É tudo complô: o discurso do abusador que nunca tem culpa, por Maria Carolina Medeiros

O homem de bem, de conduta ilibada, coitado, está sendo vítima de um complô para difamá-lo. Sim, até nesses momentos a autoestima de pensar que tudo é sobre ele permanece.

Escrito en DEBATES el

Por Maria Carolina Medeiros *

A atriz Dani Calabresa puxou o fio e outras mulheres se encorajaram para denunciar Marcius Melhem por abuso e assédio moral e sexual. A TV Globo o demitiu sem dar mais detalhes e proíbe funcionários de comentarem o caso. A Revista Piauí foi atrás e jogou luz em mais uma história de homem em posição de poder abusando de mulheres. A matéria explica tudo. O que eu quero comentar é outra coisa.

Não dou voz a abusador, mas a forma como ele se defende é simbólica para entendermos como a responsabilidade nunca é do homem. Ele sempre é vítima de um mal-entendido, ou de um jogo para boicotá-lo. Neste caso, Melhem diz que a culpa de agarrar Dani é porque “ela tava muito gostosa”.

Como no caso de Mariana Ferrer, de Ângela Diniz e de tantas outras, o “default” é o homem pintado como “cidadão de bem”. Principalmente se for branco, heterossexual, de classe média alta e não se enquadrar no estereótipo de estuprador/homicida construído no imaginário popular. É frequente usar a justificativa em casos de estupro de que “o homem não precisa disso”, como se estupradores fossem homens que não conseguem ter sexo consentido e por isso estupram. Se cometem crimes, certamente é por culpa das vítimas que, quando não mentem, seduzem, ou queriam, ou então estavam pedindo por aquilo.

Em resposta à Piauí, Melhem se defende com a defesa mais velha que existe: “qualquer pessoa que tenha convivido comigo sabe...”, na clássica apelação à reputação e ao relacional como defesa de conduta. “O único objetivo está sendo bem-sucedido: a minha condenação na opinião pública”. O homem de bem, de conduta ilibada, coitado, está sendo vítima de um complô para difamá-lo. Sim, até nesses momentos a autoestima de pensar que tudo é sobre ele permanece.

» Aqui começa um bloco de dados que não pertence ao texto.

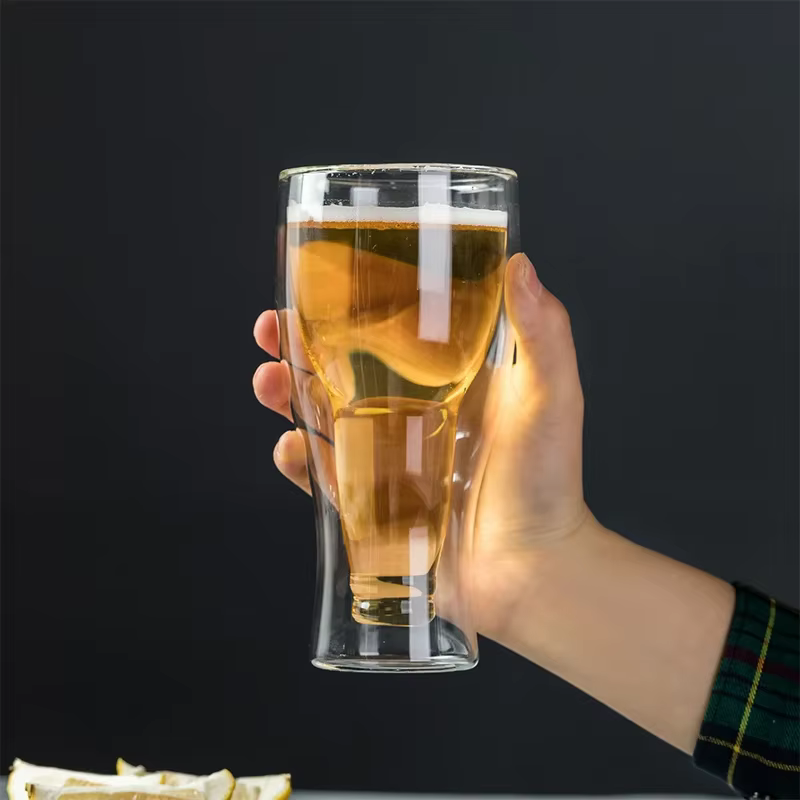 Bouteille de vin créative modèle tasse en verre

“Quero pedir desculpas às pessoas que eu magoei”. “O mundo mudou, comportamentos antes naturais estão sendo revistos e todos precisamos aceitar as consequências de nossos excessos”. Sim, ele disse “magoou” e “excessos”. É uma vítima de um mundo que se tornou chato com o politicamente correto, não é mesmo?

“Estou disposto a assumir qualquer erro ou dano que tenha causado. Mas é preciso que a conversa seja transparente, sem omissões, mentiras ou distorções sobre as relações”. Sim, é mesmo tudo sobre ele, se cometeu algum crime foi apenas “um erro”. Pobre vítima que ele é da tentação de conviver com mulheres, essas provocadoras gostosas que desde Eva tentam o homem.

Em tempo: a excelente matéria foi escrita por um homem, João Batista Jr. Podemos ter aliados.

*Maria Carolina Medeiros é doutoranda em Comunicação na PUC-Rio e pesquisa narrativas sobre mulheres.

**Este artigo não reflete, necessariamente, a opinião da Revista Fórum.